Ohio Supreme Court Rules Officers Can Just Guess How Fast You’re Going

Source


In what has to be one of the biggest violations of common sense and burden of proof in motoring news this year, the Ohio Supreme Court has ruled that officers can “visually estimate” how fast a person is driving… and give them a ticket for it.
Thanks Ohio Supreme Court for giving cops the green light to make up speeding tickets.
Supreme Court Justice Maureen O’Connor said “Rational triers of fact could find a police officer’s testimony regarding his unaided visual estimation of a vehicle’s speed, when supported by evidence that the officer is trained, certified by (the Ohio Peace Officer Training Academy) or a similar organization, and experienced in making such estimations, sufficient to establish beyond a reasonable doubt the defendant’s speed.

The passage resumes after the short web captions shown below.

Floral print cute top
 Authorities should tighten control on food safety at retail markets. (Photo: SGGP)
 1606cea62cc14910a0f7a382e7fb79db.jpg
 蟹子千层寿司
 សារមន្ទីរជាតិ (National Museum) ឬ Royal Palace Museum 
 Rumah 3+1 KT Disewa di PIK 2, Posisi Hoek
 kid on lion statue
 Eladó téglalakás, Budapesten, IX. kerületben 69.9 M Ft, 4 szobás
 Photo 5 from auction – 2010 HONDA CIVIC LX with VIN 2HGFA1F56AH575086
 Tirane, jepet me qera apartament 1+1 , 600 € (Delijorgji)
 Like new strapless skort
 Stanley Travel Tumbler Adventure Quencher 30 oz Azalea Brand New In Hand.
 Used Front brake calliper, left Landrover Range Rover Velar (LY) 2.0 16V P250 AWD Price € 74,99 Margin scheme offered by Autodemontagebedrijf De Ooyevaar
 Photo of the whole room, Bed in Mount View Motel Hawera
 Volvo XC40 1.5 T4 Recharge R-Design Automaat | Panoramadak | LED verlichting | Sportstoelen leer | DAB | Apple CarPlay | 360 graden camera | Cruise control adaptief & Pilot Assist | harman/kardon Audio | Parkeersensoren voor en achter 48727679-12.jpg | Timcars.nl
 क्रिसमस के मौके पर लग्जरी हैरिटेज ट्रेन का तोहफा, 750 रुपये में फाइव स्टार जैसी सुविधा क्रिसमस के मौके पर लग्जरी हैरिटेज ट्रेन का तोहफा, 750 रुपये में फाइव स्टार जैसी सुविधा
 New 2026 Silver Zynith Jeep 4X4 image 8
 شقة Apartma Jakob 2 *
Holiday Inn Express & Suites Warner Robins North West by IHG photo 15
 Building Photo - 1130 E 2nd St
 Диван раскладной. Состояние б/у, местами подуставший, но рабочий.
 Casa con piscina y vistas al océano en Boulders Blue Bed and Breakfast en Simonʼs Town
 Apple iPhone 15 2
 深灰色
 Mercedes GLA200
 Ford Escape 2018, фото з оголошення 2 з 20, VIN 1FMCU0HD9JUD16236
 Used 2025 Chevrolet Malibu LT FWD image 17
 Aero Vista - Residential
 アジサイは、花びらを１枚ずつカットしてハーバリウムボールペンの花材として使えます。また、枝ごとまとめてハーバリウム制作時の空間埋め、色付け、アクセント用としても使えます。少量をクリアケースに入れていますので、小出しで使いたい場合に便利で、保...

Independent verification of the vehicle’s speed is not necessary to support a conviction for speeding.”
Hey “Supreme Court Justices” why don’t you guys get this part of what laws are supposed to do through your thick skulls. It’s safe to say that officers might be trained to identify speeds, and they might even be great at it – but it blasts the notion of burden of proof being on the state out of the water. You didn’t just blast it out, you nuked that fish to dry land. There is no factual evidence when officers have the ability to do this, “I think you were going 120 mph.”
Where is the public recourse for police officers who abuse their abilities? We have to take an officer’s (the state) word that we committed a crime? Did you guys even go to law school?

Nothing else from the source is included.